In December I spent three weeks in Somaliland, testing the possibility of restoring and domesticating Yeheb, a food and fodder crop which grows well in very dry conditions. It is one of those plants that has not found enough interest outside its indigenous habitat. Historically Yeheb used to flourish in the Haud or Savannah pastoralist grassland of northern Somalia, which is now autonomous Somaliland.
As a result of the scoping mission that we conducted in May 2015, the Yeheb project team decided that there needed to be a trial planting mission tied in with the autumn rains and harvest season. At this time the ground is wet and Yeheb reseeds itself naturally. At the same time as we made the decision, we heard that our application for three years’ funding from the Darwin Initiative had been turned down. We did not know where the funding for the trial planting phases would come from. After much prayer we felt that, if it was the right thing to do, a way would be shown to us.
In August 2015, I reconnected by phone with Mahdi Jim’ale who back in 2013 had taken me to visit a farm outside Mogadishu, Somalia, where domesticated Yeheb has been growing since 1985. Mahdi offered to explore the possibility of growing seedlings in his home town of Guriel in Galgaduud, the central region of Somalia, during the autumn harvest season in October. We decided that a sample of seedlings and seeds should be prepared from this harvest for our project collaborators to trial plant in Somaliland in December.
Suddenly the planning just fell into place. Mahdi delivered 55 seedlings, 50 kg of seeds and 100 kg of soil from the area where plant the grows. This soil is essential for planting as it contains fungi which help the new seedlings to grow. The shipment travelled by road to Burao town, the centre for the Yeheb project in Somaliland. Our local coordinator received it and I flew to Somaliland to help with the planting. The mission was wholly financed by donations from three members of the project. Without this we could not have undertaken this important trial planting phase.

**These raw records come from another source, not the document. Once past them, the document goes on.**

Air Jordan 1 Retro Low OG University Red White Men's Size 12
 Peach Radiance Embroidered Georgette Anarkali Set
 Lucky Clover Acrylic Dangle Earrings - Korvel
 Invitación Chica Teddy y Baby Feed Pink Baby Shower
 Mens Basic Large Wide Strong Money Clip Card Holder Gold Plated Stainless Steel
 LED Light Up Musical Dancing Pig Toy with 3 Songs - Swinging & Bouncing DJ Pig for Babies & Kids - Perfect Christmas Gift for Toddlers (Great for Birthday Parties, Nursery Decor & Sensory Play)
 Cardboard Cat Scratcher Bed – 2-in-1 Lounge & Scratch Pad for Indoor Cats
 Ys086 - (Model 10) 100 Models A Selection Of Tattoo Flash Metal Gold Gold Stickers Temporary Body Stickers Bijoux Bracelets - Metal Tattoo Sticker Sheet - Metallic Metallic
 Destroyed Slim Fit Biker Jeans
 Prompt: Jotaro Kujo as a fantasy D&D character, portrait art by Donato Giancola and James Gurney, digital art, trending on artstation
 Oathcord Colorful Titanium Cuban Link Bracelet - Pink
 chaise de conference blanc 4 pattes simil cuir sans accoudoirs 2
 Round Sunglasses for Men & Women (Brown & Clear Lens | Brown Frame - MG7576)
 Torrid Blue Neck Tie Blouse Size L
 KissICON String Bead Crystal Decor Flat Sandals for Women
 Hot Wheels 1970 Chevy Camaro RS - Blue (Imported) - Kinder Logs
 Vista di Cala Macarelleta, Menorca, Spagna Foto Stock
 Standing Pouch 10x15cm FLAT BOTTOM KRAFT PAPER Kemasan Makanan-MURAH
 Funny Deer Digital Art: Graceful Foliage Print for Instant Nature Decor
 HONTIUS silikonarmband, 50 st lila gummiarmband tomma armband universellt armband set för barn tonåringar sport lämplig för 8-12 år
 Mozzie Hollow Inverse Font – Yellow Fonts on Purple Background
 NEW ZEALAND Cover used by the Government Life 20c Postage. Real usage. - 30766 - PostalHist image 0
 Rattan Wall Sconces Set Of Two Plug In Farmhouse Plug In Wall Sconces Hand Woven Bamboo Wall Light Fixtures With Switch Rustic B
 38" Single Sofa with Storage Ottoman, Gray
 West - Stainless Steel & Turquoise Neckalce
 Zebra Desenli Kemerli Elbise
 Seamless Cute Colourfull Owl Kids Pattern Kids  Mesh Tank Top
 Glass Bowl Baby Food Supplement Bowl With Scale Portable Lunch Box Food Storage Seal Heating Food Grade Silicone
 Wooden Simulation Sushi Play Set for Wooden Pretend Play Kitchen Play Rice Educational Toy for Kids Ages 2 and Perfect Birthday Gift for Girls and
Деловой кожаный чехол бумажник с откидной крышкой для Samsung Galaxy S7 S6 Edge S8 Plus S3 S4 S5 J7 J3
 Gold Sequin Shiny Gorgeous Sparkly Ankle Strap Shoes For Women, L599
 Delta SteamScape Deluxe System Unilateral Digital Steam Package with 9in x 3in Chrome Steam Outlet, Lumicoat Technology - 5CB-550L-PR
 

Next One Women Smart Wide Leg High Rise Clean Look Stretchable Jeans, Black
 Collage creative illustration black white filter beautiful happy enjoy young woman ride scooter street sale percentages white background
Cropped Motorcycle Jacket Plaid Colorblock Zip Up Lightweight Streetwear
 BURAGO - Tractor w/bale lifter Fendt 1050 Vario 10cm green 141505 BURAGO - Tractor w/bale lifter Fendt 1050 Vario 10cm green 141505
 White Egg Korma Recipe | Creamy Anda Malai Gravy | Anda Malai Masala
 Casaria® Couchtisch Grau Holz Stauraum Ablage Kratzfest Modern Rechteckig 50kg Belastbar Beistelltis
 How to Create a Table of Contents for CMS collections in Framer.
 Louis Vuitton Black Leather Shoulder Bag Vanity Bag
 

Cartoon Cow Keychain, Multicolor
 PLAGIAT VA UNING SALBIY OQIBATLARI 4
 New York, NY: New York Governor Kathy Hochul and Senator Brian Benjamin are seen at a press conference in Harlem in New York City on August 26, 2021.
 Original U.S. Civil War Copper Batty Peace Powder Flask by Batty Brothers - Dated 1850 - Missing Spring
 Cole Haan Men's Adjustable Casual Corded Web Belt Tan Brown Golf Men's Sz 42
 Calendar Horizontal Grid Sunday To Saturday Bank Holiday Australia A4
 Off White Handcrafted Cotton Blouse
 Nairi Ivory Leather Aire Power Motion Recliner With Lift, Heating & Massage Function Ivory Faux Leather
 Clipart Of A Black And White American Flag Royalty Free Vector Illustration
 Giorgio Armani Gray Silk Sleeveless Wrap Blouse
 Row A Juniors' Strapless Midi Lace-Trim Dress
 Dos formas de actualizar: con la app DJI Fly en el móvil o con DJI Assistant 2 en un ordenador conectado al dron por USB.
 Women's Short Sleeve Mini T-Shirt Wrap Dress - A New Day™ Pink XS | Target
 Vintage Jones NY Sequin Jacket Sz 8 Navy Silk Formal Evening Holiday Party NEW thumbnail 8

Six ecologically different sites were chosen for the trial. At each of the site, students, community groups or civil society organisations led both the planning and planting. At site one, on the campus of the University of Burao, the undergraduate students were fully engaged in the project as part of their final year assignments.
For me the most enriching experience of the mission was having Mahdi with us to advise and give guidance during planting. Mahdi is from a part of Somalia where conflict still flares up intermittently, and with which the population of Somaliland has little interaction. To have Mahdi, as a southerner, donating seeds and seedlings to fellow Somalis in Somaliland, which before 1991 was the northern part of the Somali Republic, was an exemplary gesture of peace and goodwill, in tune with IofC values and the aims of Agenda for Reconciliation.
I left Somaliland after three weeks and the good news that the seedlings were sprouting came a week after I got home. We could not have had a better start to 2016. They are still growing on all six sites.
We are fundraising for the next phase of the project, to attract donors who share our vision and who are prepared to fund us for three years.